__Exercise goal__
Only the lines below, from the one with "Футболка TSHIRT прямая" through the one with "POKIPO Large Power", are to be written out, exactly.

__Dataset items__
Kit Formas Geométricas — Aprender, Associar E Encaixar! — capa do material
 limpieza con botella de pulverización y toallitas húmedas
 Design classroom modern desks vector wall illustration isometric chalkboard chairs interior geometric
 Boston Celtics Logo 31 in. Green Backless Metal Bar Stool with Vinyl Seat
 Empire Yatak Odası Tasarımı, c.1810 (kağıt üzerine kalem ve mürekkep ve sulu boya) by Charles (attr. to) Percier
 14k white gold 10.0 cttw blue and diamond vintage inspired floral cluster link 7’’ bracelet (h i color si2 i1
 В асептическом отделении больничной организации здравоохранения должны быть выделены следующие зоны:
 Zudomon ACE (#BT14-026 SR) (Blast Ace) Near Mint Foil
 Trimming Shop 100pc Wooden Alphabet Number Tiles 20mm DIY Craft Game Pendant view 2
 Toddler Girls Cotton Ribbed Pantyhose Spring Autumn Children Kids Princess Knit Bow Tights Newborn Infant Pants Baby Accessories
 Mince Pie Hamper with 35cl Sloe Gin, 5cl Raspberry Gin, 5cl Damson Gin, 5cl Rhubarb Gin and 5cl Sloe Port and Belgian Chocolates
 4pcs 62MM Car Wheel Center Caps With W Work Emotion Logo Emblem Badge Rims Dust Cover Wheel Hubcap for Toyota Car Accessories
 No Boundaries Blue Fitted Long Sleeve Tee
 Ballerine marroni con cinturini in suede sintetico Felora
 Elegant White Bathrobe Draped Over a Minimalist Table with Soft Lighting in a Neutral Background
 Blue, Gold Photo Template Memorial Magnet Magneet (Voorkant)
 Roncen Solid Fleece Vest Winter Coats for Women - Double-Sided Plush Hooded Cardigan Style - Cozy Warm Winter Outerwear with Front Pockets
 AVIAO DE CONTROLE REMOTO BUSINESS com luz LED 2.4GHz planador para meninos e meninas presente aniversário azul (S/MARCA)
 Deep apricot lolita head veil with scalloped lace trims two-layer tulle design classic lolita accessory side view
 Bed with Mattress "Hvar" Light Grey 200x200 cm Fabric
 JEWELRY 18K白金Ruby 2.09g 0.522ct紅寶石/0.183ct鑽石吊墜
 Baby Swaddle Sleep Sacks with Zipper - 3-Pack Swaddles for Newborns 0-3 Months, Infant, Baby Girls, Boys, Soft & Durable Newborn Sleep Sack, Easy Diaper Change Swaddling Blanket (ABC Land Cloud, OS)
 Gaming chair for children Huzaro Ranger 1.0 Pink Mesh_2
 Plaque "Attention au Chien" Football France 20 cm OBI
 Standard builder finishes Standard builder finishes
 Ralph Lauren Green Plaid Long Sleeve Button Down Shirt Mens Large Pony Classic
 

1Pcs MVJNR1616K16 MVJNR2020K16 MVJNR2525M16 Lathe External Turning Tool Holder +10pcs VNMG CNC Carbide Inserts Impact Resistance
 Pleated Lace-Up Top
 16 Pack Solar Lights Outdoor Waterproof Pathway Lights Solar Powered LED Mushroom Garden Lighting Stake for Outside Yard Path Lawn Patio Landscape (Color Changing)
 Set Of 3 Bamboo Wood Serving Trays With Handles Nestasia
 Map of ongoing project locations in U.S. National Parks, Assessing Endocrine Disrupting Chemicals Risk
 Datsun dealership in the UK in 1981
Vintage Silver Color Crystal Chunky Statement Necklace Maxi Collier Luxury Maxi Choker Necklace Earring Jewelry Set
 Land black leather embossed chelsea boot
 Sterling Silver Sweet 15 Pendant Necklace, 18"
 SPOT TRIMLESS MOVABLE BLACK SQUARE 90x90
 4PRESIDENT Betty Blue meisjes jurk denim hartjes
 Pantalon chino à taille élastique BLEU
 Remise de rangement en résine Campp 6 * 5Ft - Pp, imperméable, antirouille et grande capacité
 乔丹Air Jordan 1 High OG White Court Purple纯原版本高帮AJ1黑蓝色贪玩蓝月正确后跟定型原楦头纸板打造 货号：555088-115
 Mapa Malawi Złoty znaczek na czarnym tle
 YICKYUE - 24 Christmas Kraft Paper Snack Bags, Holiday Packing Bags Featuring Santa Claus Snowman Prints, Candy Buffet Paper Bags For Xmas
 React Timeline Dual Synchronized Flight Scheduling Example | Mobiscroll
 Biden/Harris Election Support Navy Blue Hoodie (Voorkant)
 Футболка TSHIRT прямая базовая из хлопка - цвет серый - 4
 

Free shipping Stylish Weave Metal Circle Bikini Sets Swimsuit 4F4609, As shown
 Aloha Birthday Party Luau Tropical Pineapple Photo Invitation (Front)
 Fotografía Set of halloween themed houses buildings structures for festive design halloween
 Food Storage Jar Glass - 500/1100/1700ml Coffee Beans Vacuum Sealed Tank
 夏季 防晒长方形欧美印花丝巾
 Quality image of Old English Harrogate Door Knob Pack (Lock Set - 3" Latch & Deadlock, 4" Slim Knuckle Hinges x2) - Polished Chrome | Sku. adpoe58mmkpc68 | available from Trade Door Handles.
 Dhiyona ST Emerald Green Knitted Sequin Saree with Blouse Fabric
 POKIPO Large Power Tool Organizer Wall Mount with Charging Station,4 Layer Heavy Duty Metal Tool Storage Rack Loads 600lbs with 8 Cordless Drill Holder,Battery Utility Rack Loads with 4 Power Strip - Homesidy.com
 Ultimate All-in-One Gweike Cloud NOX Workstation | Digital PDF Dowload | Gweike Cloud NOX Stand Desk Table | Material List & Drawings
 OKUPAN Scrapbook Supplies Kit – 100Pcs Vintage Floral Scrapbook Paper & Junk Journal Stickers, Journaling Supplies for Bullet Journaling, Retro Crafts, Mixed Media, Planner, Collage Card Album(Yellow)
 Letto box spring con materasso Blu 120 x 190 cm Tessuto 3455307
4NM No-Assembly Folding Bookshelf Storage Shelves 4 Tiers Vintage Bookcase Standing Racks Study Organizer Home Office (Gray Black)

__Task answer__
 Футболка TSHIRT прямая базовая из хлопка - цвет серый - 4
 

Free shipping Stylish Weave Metal Circle Bikini Sets Swimsuit 4F4609, As shown
 Aloha Birthday Party Luau Tropical Pineapple Photo Invitation (Front)
 Fotografía Set of halloween themed houses buildings structures for festive design halloween
 Food Storage Jar Glass - 500/1100/1700ml Coffee Beans Vacuum Sealed Tank
 夏季 防晒长方形欧美印花丝巾
 Quality image of Old English Harrogate Door Knob Pack (Lock Set - 3" Latch & Deadlock, 4" Slim Knuckle Hinges x2) - Polished Chrome | Sku. adpoe58mmkpc68 | available from Trade Door Handles.
 Dhiyona ST Emerald Green Knitted Sequin Saree with Blouse Fabric
 POKIPO Large Power Tool Organizer Wall Mount with Charging Station,4 Layer Heavy Duty Metal Tool Storage Rack Loads 600lbs with 8 Cordless Drill Holder,Battery Utility Rack Loads with 4 Power Strip - Homesidy.com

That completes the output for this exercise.